Material provided:
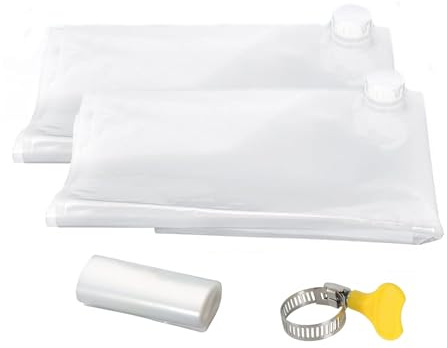 Yonawlsy Bathtub Drinking Water Bladder,2 Pack 60 Gallon Heavy Duty Food-Grade Plastic Bag Hold Fresh Drinking Water, Using for Camping, Gardening or Disaster and Hurricane Survival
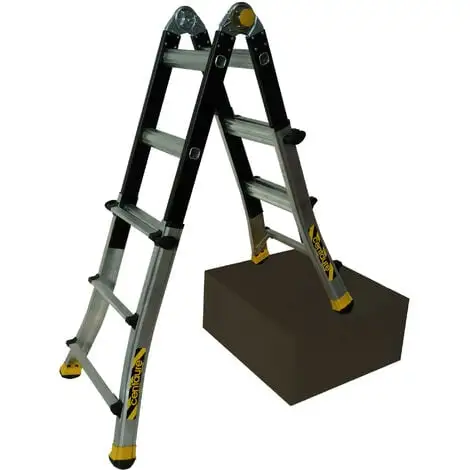 Promo ? Centaure - Echelle Télescopique Pliante 4x4 Barreaux Hauteur 4,10 M - TT4 ? 7 Promo ? Centaure - Echelle Télescopique Pliante 4x4 Barreaux Hauteur 4,10 M - TT4 ? – Image 5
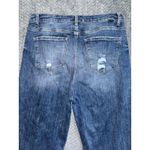 Risen Jeans Women's Blue Wide Leg Distressed Stretch Denim Size 32 Photo 6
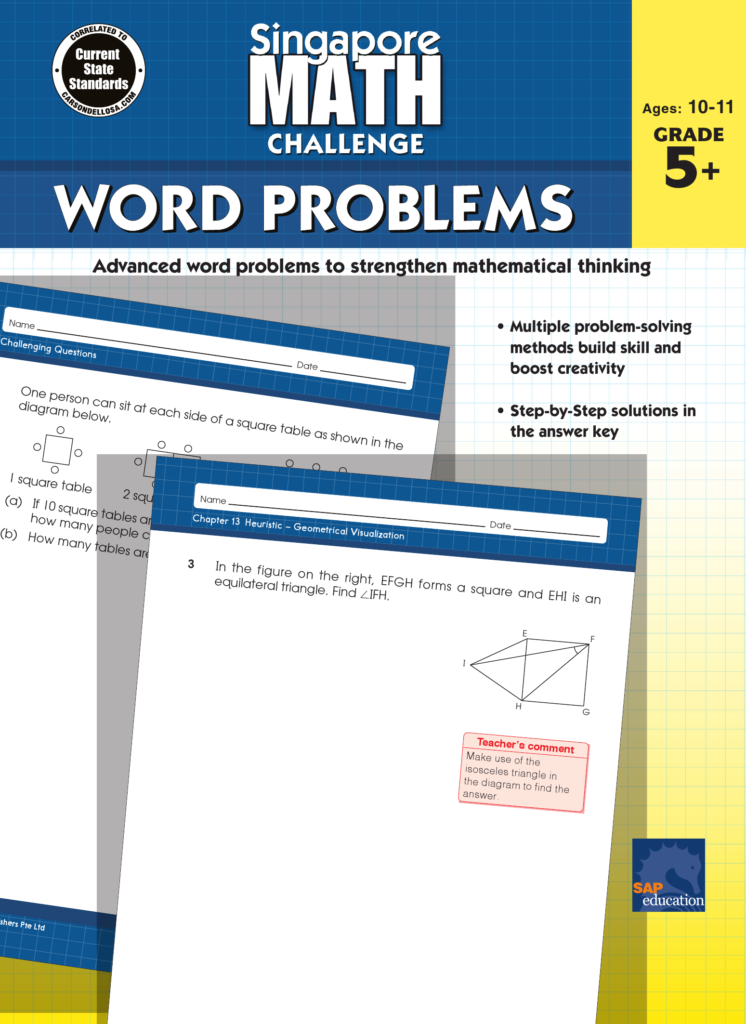 [Sách] Singapore Math Challenge WORD PROBLEMS Grade 5+ (ages : 10-11 ...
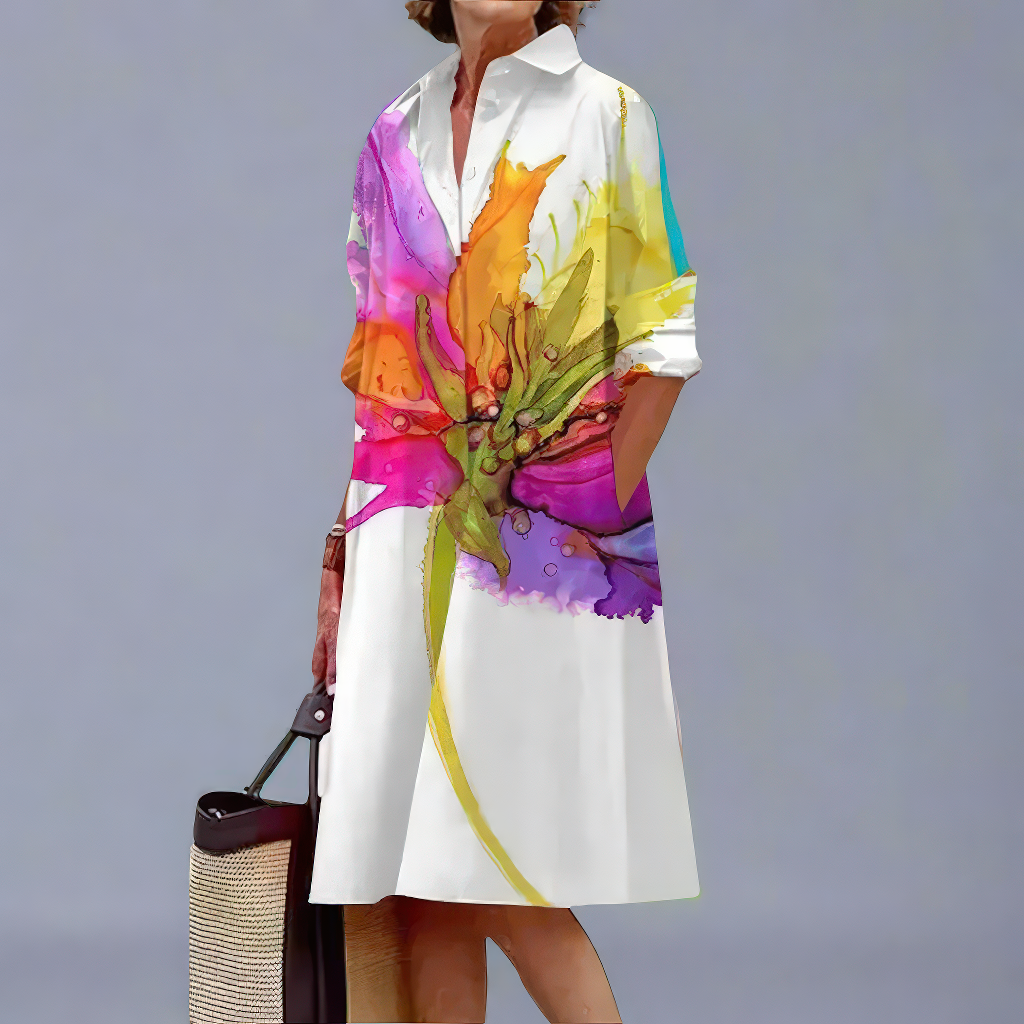 Thekla | Robe midi faite main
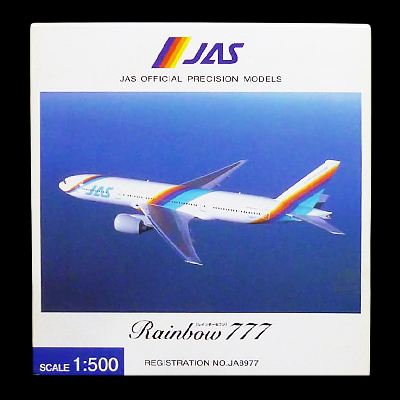 JALUX 1/500 B777 レインボーセブン JA8977 JAS JD51003 / JAL 模型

Exercise aim: Word for word, reproduce each line from the one with "Thekla | Robe midi faite main" through the last line of the material above, both included, and drop the pictures.

Answer for the task:
 Thekla | Robe midi faite main
 JALUX 1/500 B777 レインボーセブン JA8977 JAS JD51003 / JAL 模型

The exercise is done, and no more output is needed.